WORK INSTRUCTIONS
Transcribed word for word, the lines below from the one with "1997 Happy Holidays" through the last line of the records form the answer; no picture is to be included.

--- START ---

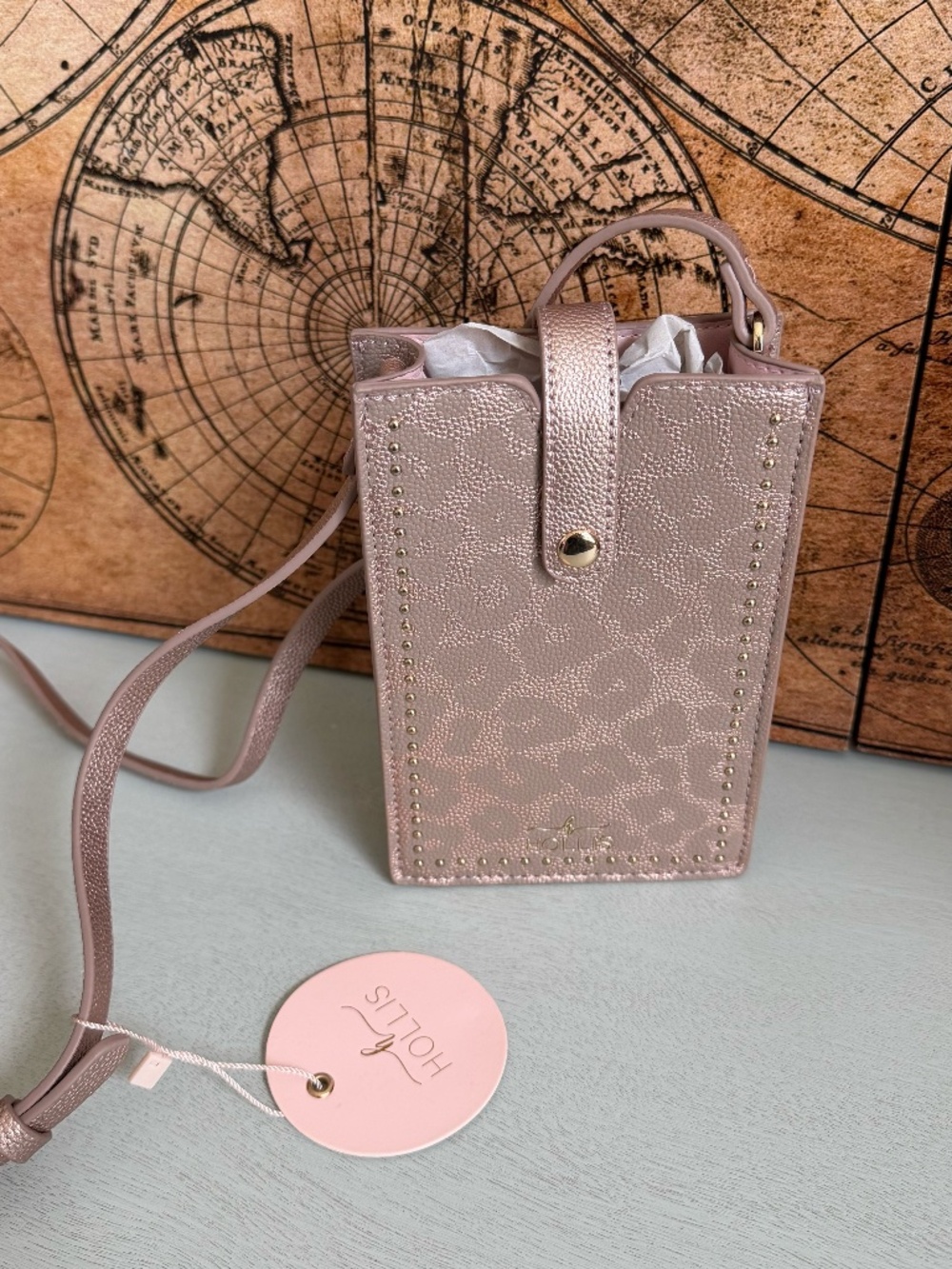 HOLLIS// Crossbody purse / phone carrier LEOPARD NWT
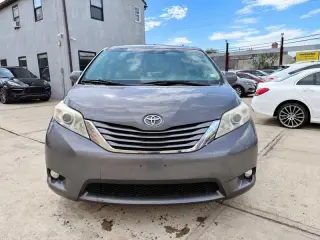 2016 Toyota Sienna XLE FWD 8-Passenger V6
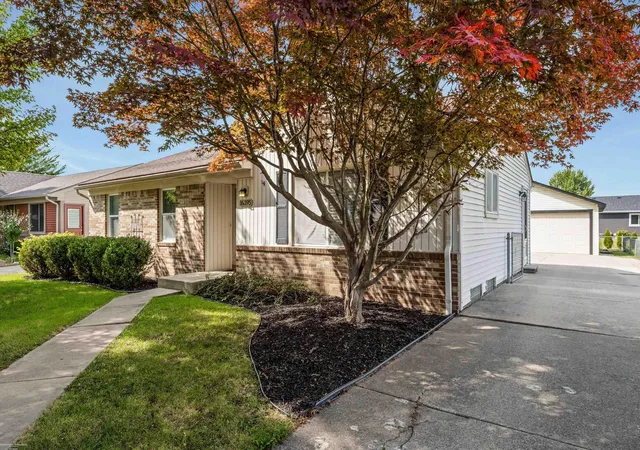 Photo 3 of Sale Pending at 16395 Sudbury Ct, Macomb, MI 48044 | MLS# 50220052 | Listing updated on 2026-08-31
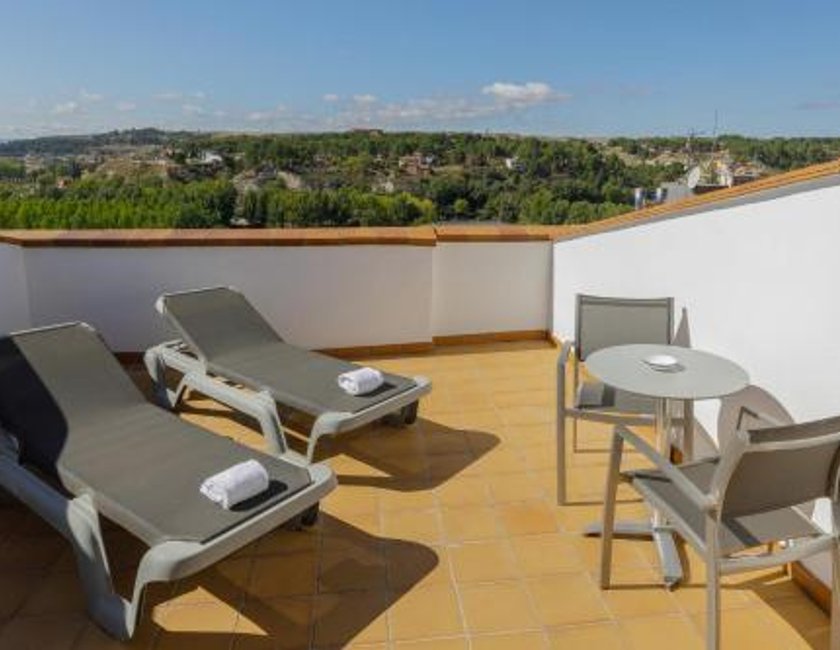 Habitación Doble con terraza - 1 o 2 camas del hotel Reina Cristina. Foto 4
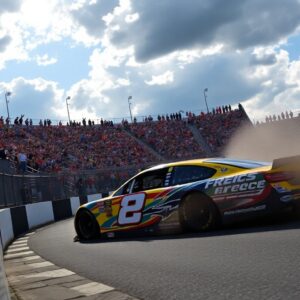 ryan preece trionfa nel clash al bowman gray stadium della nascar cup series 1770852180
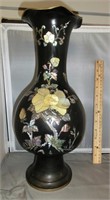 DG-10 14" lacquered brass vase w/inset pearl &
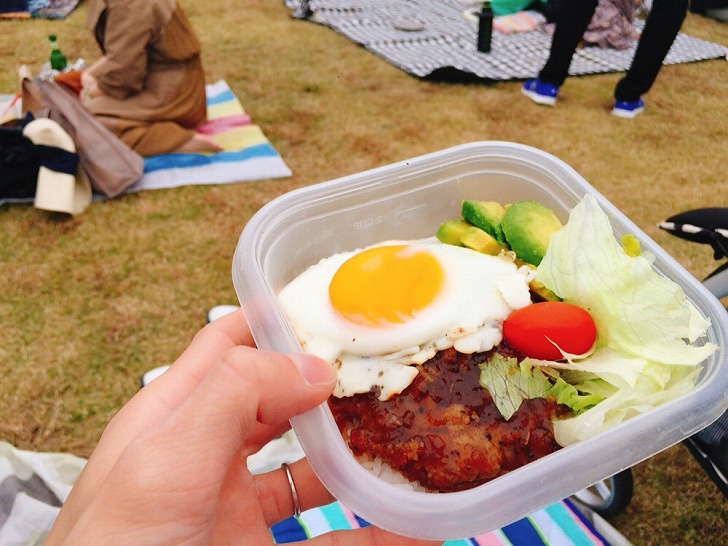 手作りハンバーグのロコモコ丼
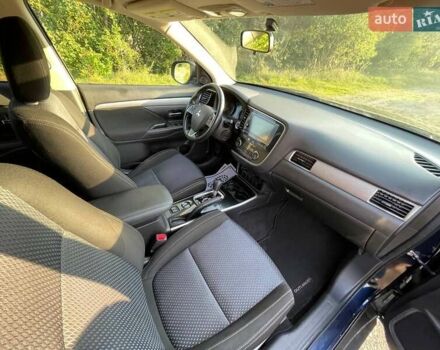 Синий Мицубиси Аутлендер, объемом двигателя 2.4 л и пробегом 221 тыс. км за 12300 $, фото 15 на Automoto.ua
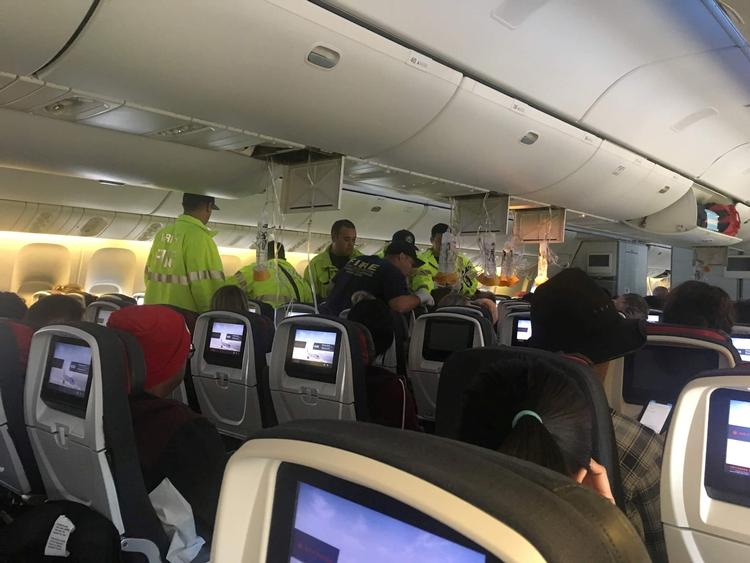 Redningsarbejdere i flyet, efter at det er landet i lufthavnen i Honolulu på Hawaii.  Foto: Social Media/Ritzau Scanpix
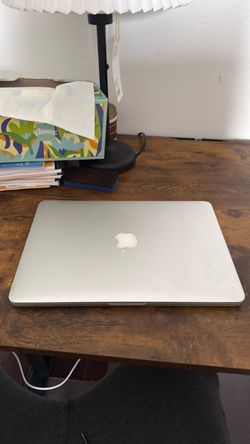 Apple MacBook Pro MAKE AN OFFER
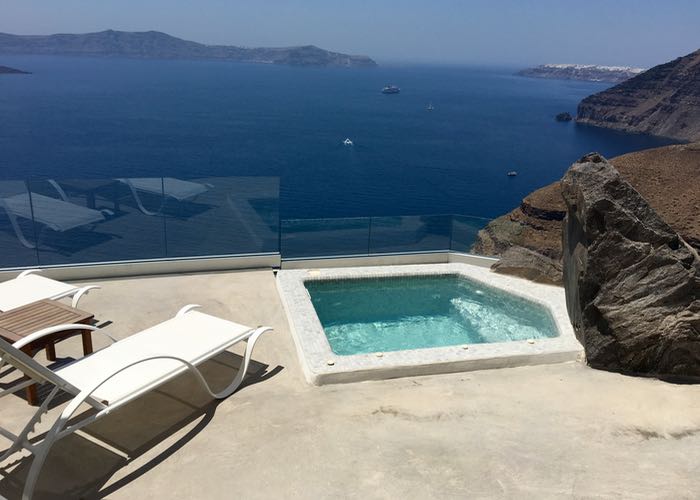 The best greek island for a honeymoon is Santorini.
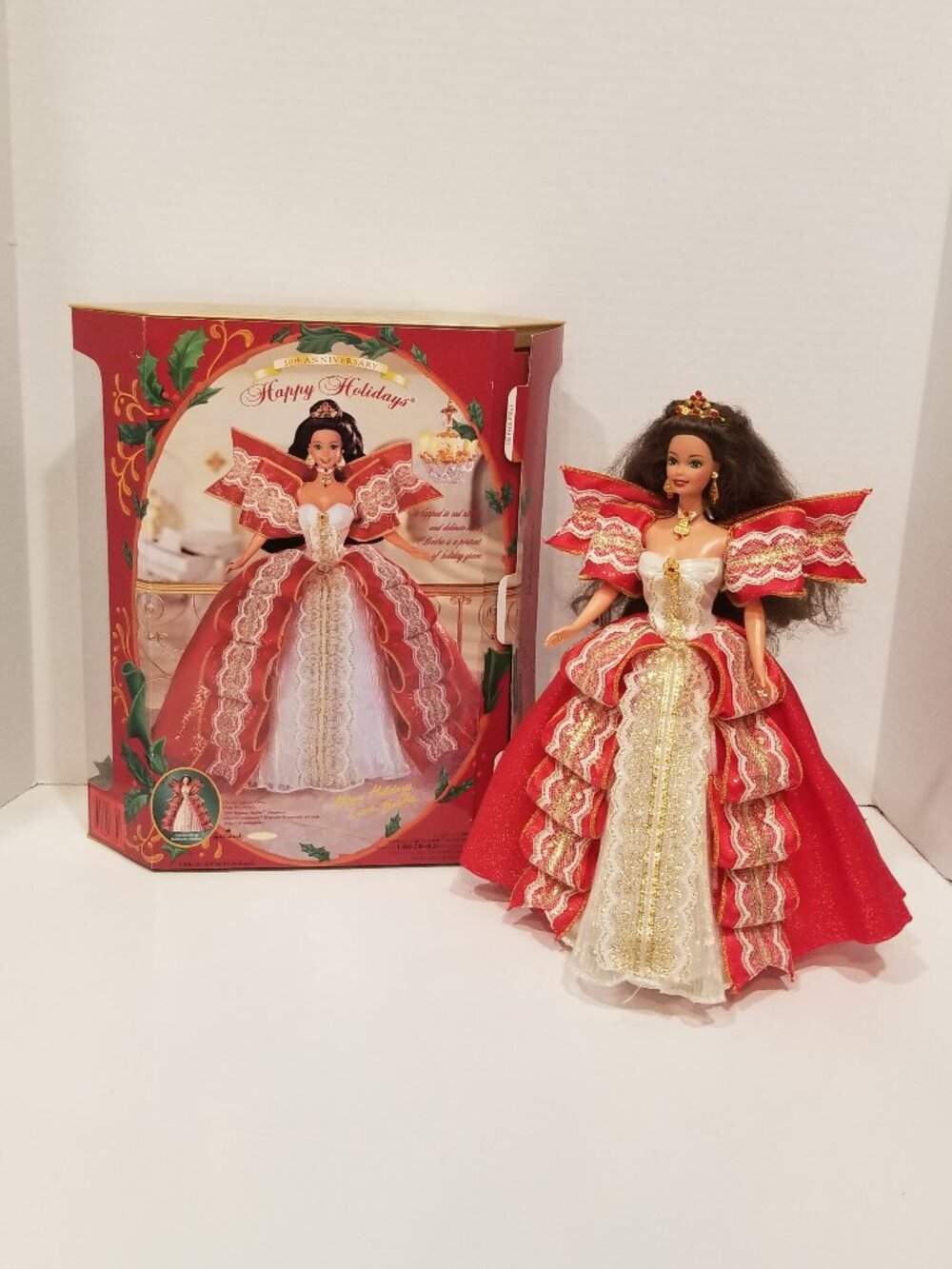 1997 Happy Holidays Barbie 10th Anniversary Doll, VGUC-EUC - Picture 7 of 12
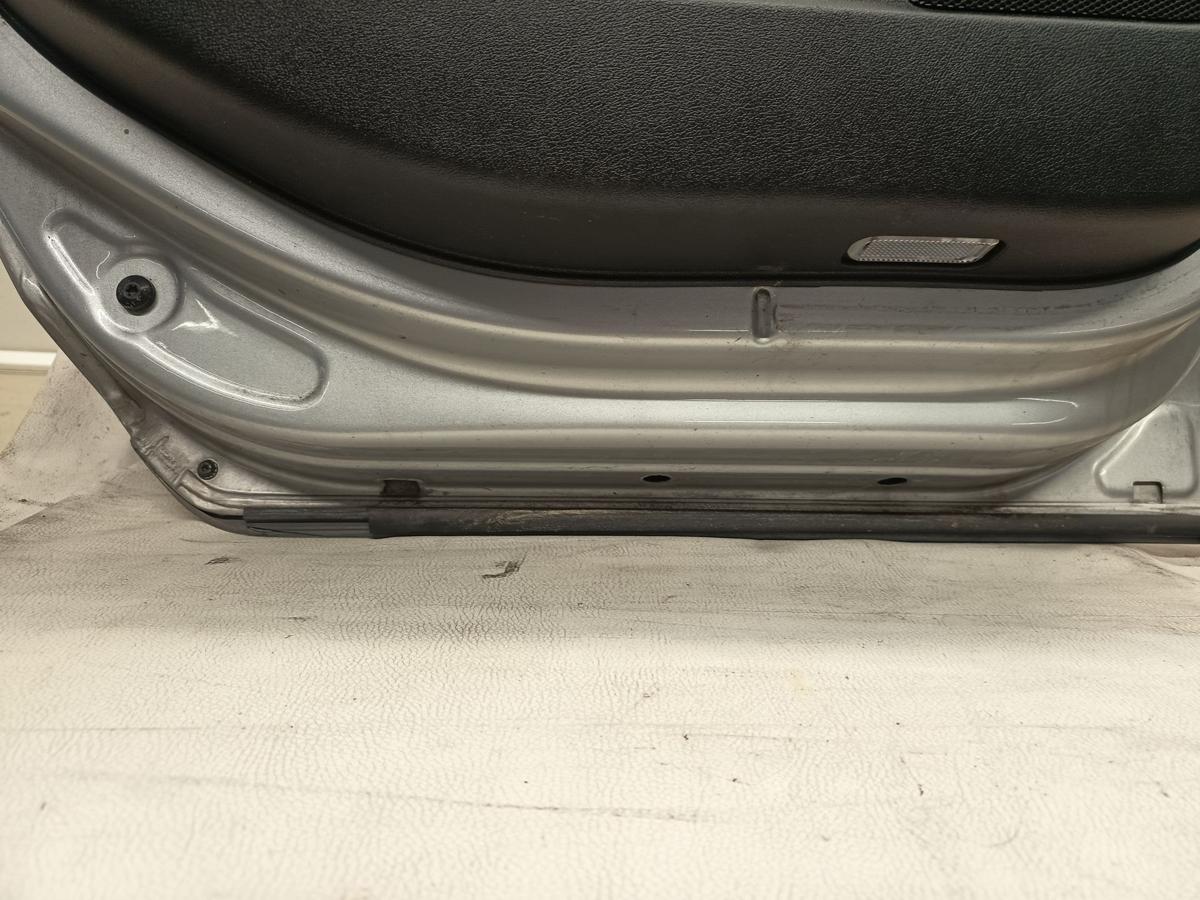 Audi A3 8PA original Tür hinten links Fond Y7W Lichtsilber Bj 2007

--- END ---

RESULT OF THE TASK
 1997 Happy Holidays Barbie 10th Anniversary Doll, VGUC-EUC - Picture 7 of 12
 Audi A3 8PA original Tür hinten links Fond Y7W Lichtsilber Bj 2007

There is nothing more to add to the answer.